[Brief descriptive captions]
**********
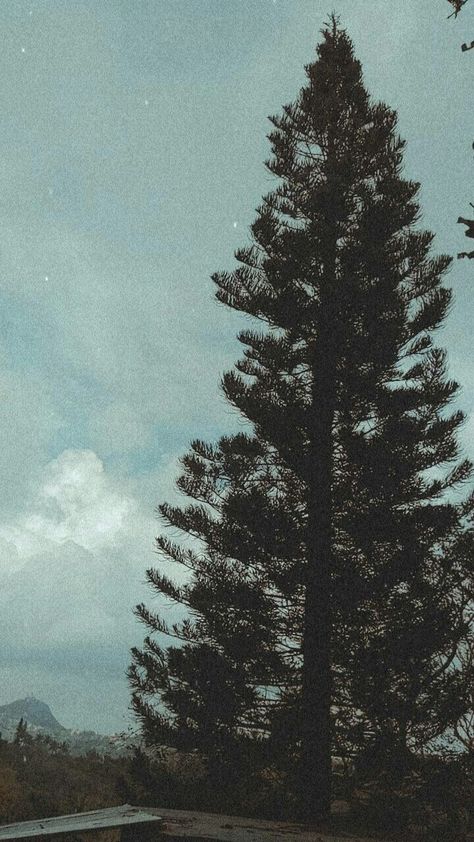 Thalia's Pine Tree, Tree Background Aesthetic, Pine Tree Photography, Tagaytay Photography, Pining Aestethic, Pine Trees Aesthetic, Tagaytay Aesthetic, Pine Tree Aesthetic, Nathan Aesthetic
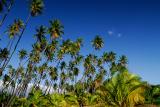 77 Coconut Palm Grove 2.jpg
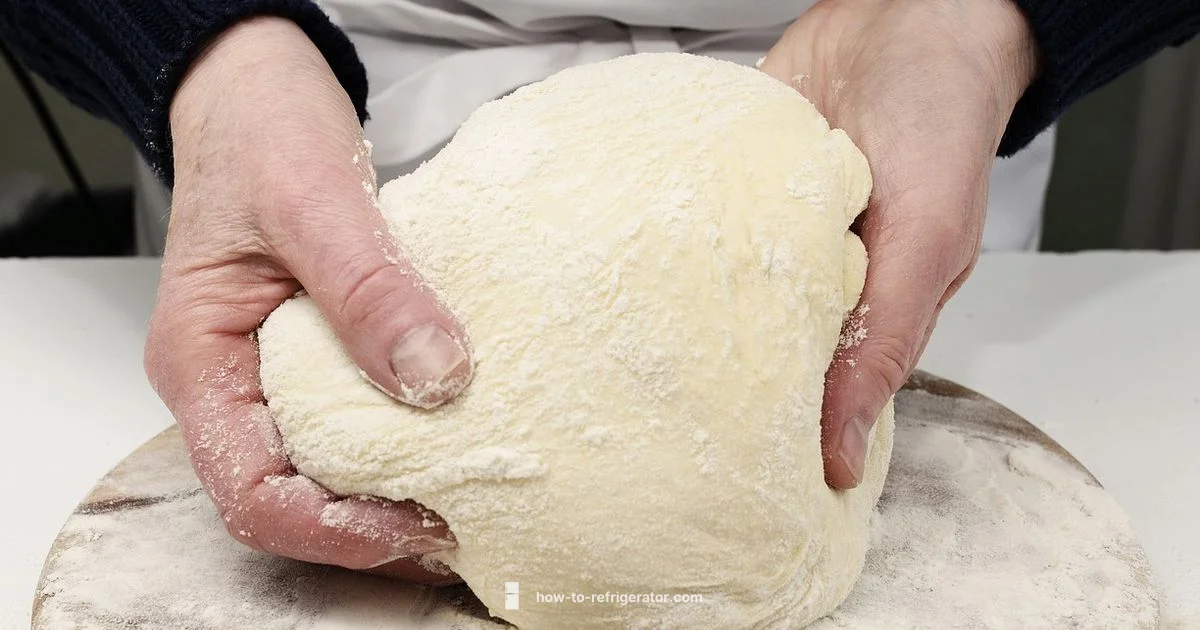 Dough Chilling Guide Dough Chilling Guide - How To Refrigerator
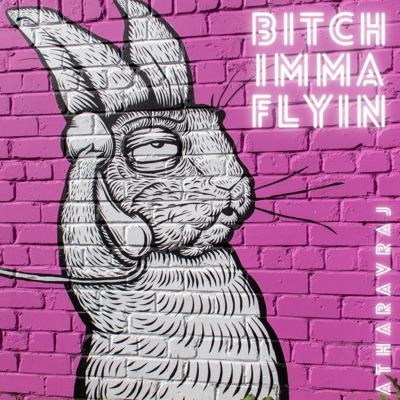 Bitch Imma Flyin' - Single
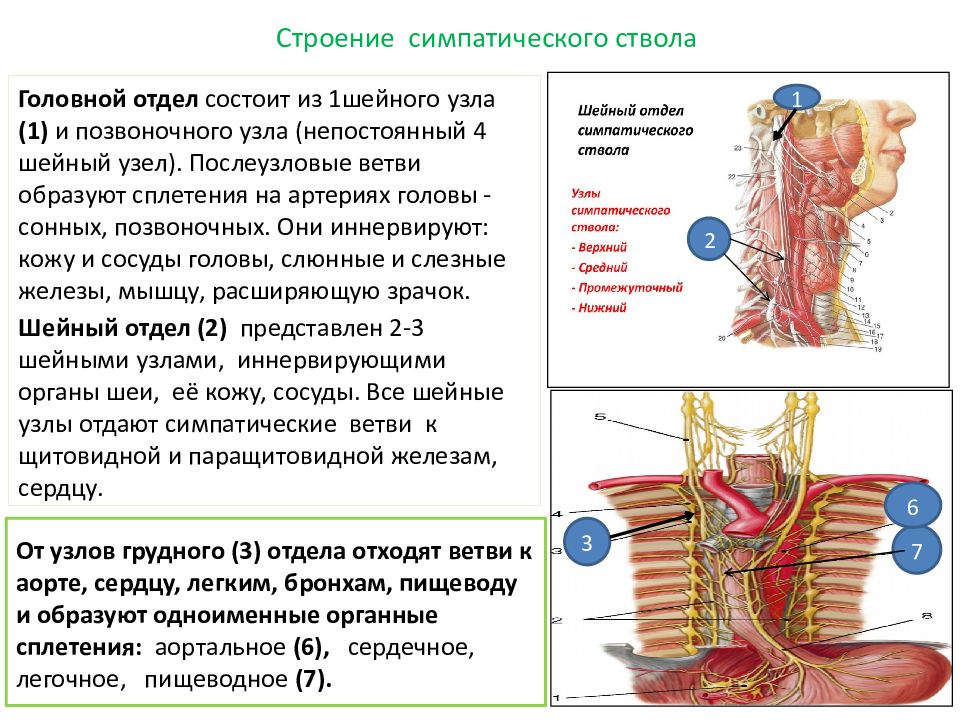 Ветви шейного отдела симпатического ствола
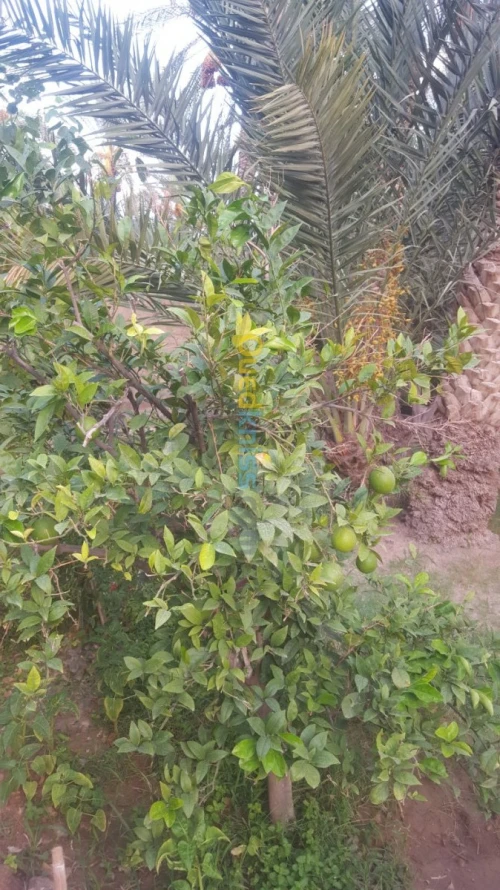 Vente Villa Biskra Bouchagroun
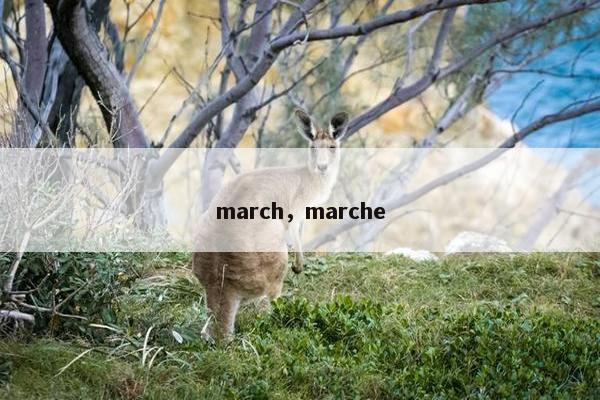 march，marche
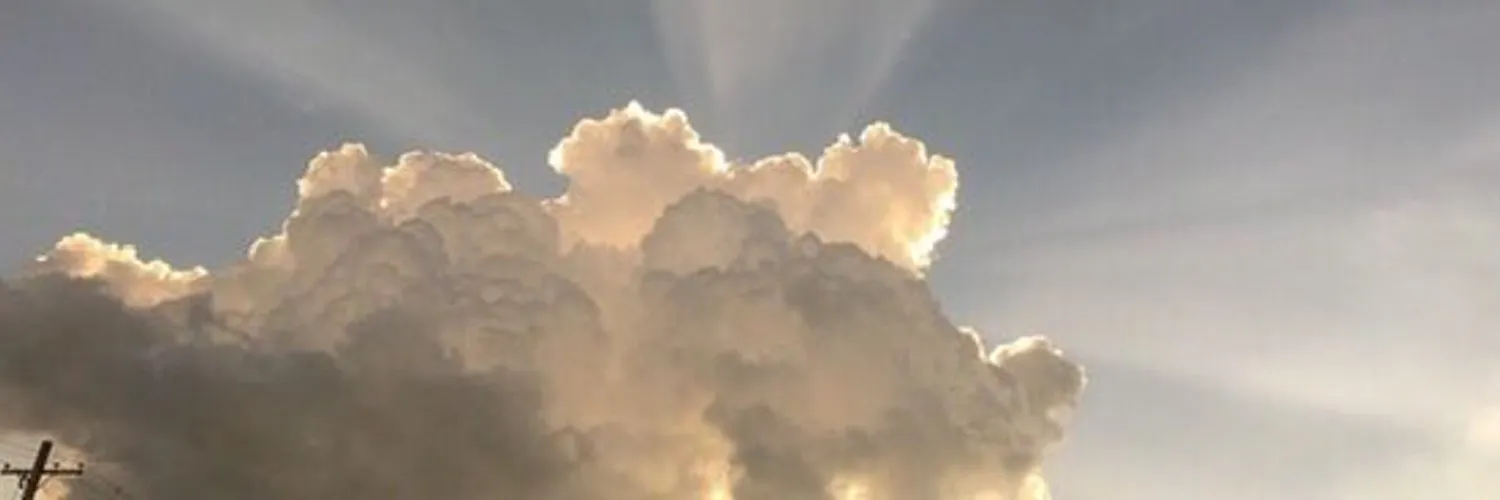 bunny OnlyFans header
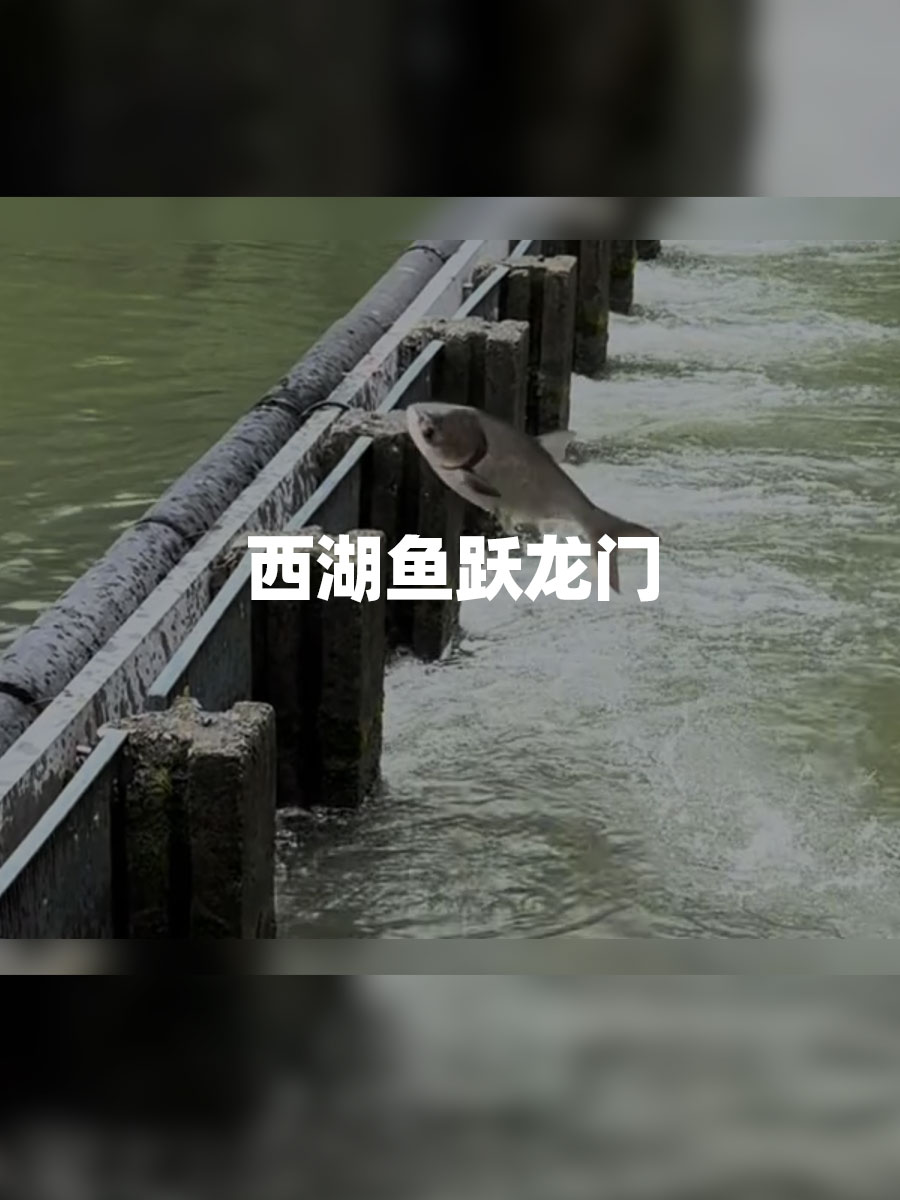 雨后西湖再现“鱼跃龙门”见者好运,事事顺和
**********
= Assigned task =
Leaving the pictures out, copy exactly the lines from the line that contains "march，marche" to the last line of the data, both ends included.

= Solution =
 march，marche
 bunny OnlyFans header
 雨后西湖再现“鱼跃龙门”见者好运,事事顺和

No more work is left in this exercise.